> **WHAT IS REQUIRED**
Instruction for the data below: set down exactly the lines from the line with "City Center Accommodation - 108 雷希察 外观 照片" to the line with "Messinginstrumente mit Ventilen", inclusive, and no others.

> **DATA SHOWN**
--

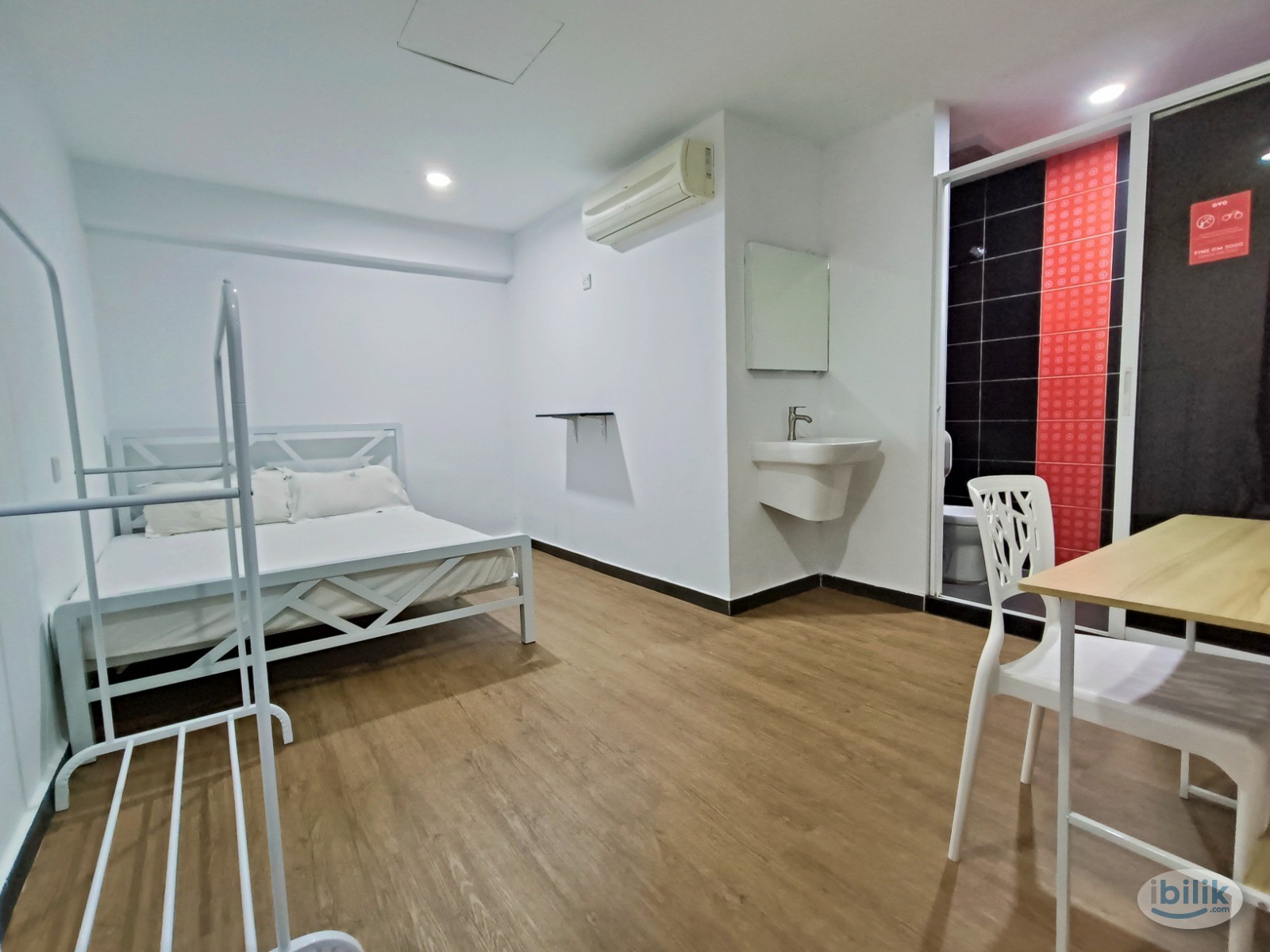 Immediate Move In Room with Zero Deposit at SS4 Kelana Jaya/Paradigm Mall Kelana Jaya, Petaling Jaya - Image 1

--

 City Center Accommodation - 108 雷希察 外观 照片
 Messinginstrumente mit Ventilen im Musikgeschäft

--

> **EXERCISE SOLUTION**
 City Center Accommodation - 108 雷希察 外观 照片
 Messinginstrumente mit Ventilen im Musikgeschäft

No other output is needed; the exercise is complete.